Post here if you've battled Asherman's/uterine scarring

Anonymous
Anonymous wrote:Hi All,

How is Asherman's officially dx? I had a dnc after a loss in 07, then a c-section in 10, then another loss, then another c-section in 12. With my last pregnancy, placenta attached to some scar tissue and I had a big bleed at 30 weeks that put me in the hospital. While in the hospital, got a bladder infection that led to my baby being delivered early. The Dr said I had so much scar tissue in there that she recommends that I do not have another baby (we wanted one more). For other reasons I am no longer with her and don't totally trust her medical advice. She never mentioned Asherman's but said the scarring was pretty bad. If safe and possible, I would like to get pregnant again in another two years but need a Dr that has experience in this kind of thing.


Scar tissue is Asherman's (though I don't think it's unusual that your OB did not use the word). It is possible to do surgery to remove scar tissue, though if it's extensive the surgery may not clear it all out. In the area I recommend Dr. Robinson at GW, though yours sounds severe enough that you may also want to look out of town (I don't have experience doing so).
Anonymous
Can scarring usually be picked up by HSG or is hysteroscopy the usual source for diagnosis? I am having first HSG at WashRad. in a few weeks for possible scar tissue issues - 2 csections, including second that was due to pre-term birth as a result of chorioamnionitis. More cramping and strange pain (like a tugging/pulling sensation) in my uterine area that comes and goes during my entire cycle (although I am getting my period, fairly heavy), coupled with no BFP after numerous cycles has me suspect that there might be an issue there.
Anonymous
Anonymous wrote:Can scarring usually be picked up by HSG or is hysteroscopy the usual source for diagnosis? I am having first HSG at WashRad. in a few weeks for possible scar tissue issues - 2 csections, including second that was due to pre-term birth as a result of chorioamnionitis. More cramping and strange pain (like a tugging/pulling sensation) in my uterine area that comes and goes during my entire cycle (although I am getting my period, fairly heavy), coupled with no BFP after numerous cycles has me suspect that there might be an issue there.

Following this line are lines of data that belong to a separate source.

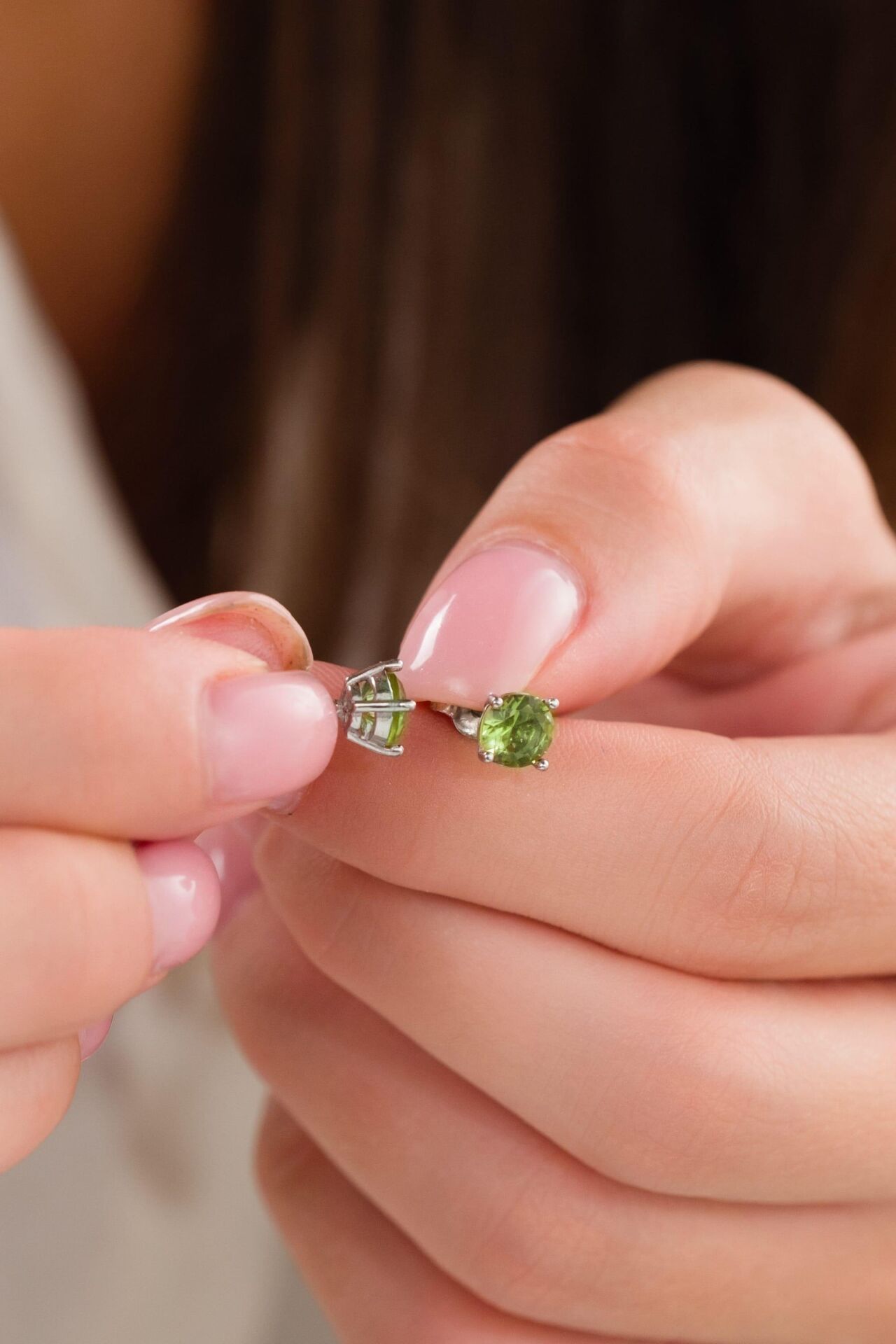 6 mm GÜMÜŞ Minimal Zultanit Sultanite Taşlı TEK TAŞ KÜPE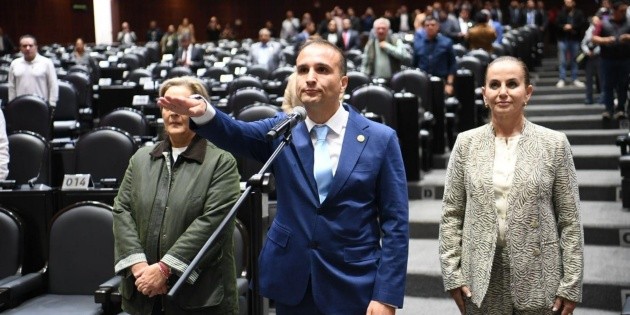 Hernando Castañeda Córdova asume como diputado federal en la LXVI Legislatura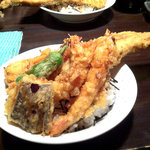 Shouwa Shokudou - ランチを食べに行きました。デラックス天丼！８５０円！！　アナゴが大きくプリプリで大満足でした。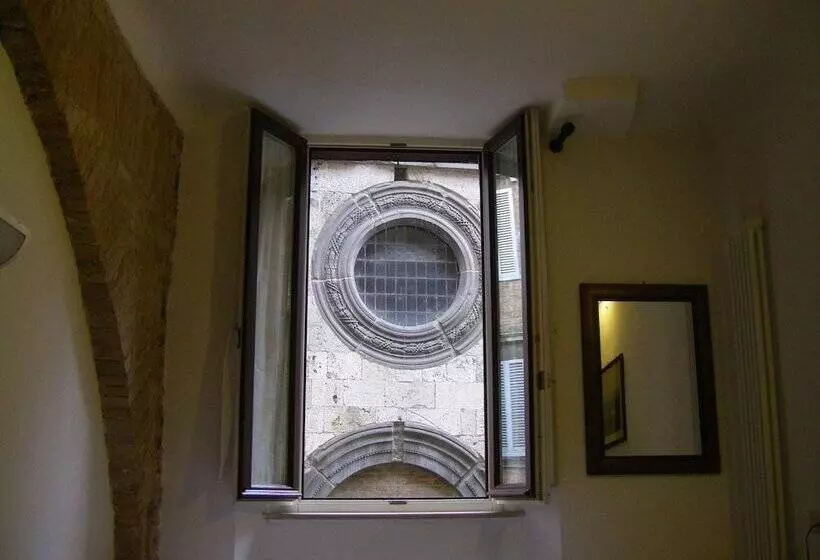 اتاق استاندارد سه نفره, Albergo Cannon D'oro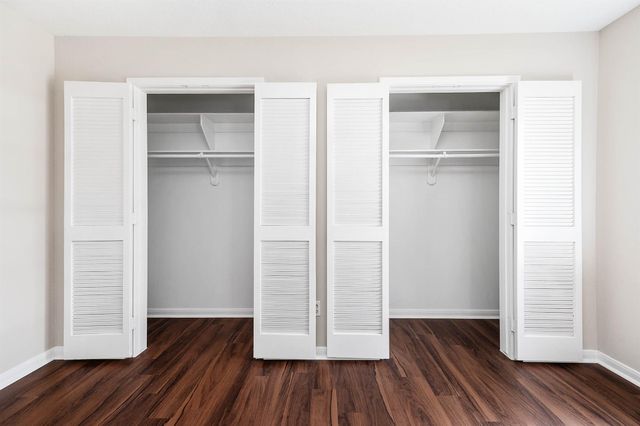 3706 Live Oak Street, Damon, TX 77430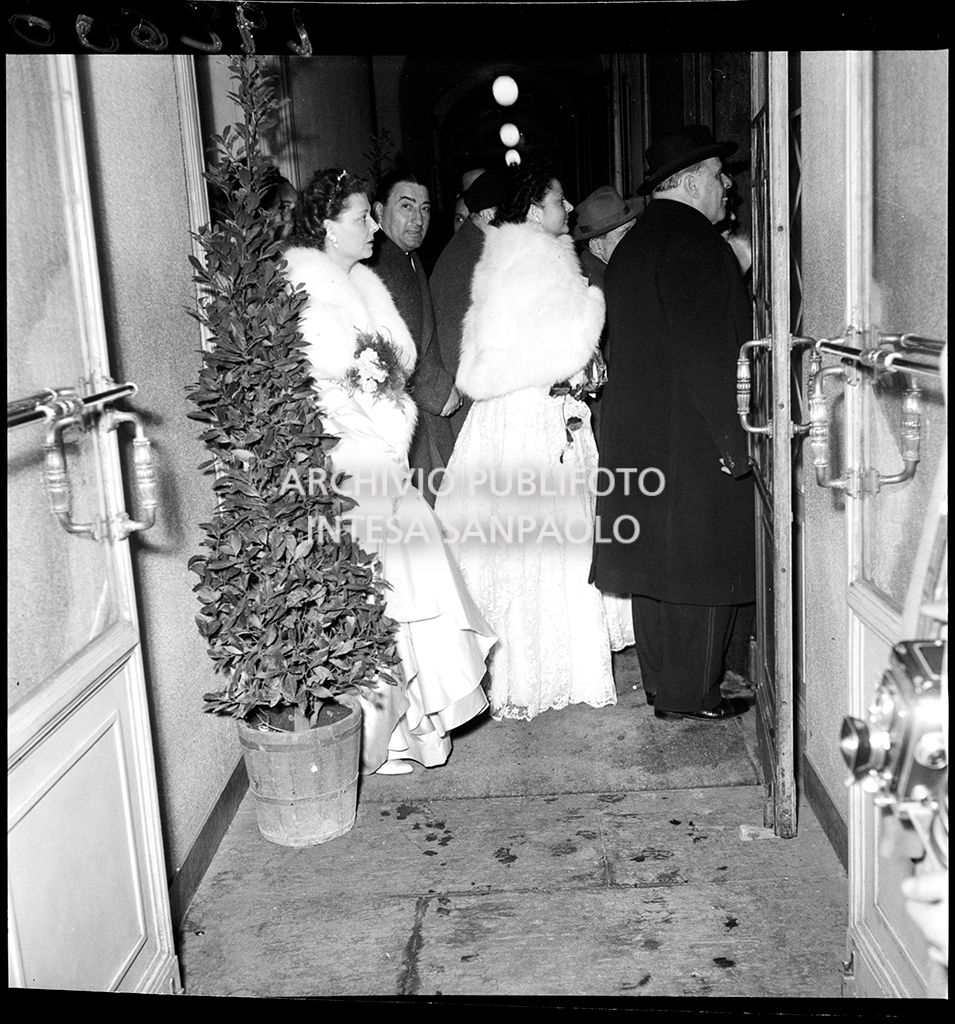 Alcuni spettatori al Teatro alla Scala in occasione della serata inaugurale della stagione lirica 1953-1954 con l'opera "La Wally", di Alfredo Catalani, diretta da Carlo Maria Giulini, con la regia di Tatiana Pavlova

HSG more or less only tells you if the "pipes are open" so to speak. They check if dye can get through to the fallopian tube. If the scarring completely covers an opening, HSG will likely pick it up. In my case, my scarring mostly but not completely covered my cervix, so dye got through and my HSG was "normal". But the scarring was enough to affect transfer and implantation. I believe that hysteroscopy is the "gold standard" for diagnosing scarring...that's how mine was ultimately diagnosed. Got pregnant with first IVF post surgery to remove scarring.
Anonymous
0745 here - thanks. So if the HSG is normal, do we keep trying for a few more cycles before requesting a hysteroscopy? or do doctors sometimes order it as a matter of course to rule this issue completely out? Much appreciate your help.
Anonymous
Anonymous wrote:0745 here - thanks. So if the HSG is normal, do we keep trying for a few more cycles before requesting a hysteroscopy? or do doctors sometimes order it as a matter of course to rule this issue completely out? Much appreciate your help.


It depends on your doctor. My doc did not order a hysteroscopy which was a big mistake since there was already an indication that something was wrong in my case. I did not get one and a proper diagnosis until I switched RE's (I also didn't know that HSG was not definitive). If it were me, I would push for a hsyteroscopy. Since you are worried that scarring is due to c-section, it seems less likely to me (not a doctor) that the scarring will be on the uterine wall and not necessarily blocking a passageway. In this case, though, the scarring could still be impacting implantation. If your symptoms haven't changed and the HSG is normal, I would push for a hysteroscopy (or really just ask for it at the outset). It depends on your sense of urgency though.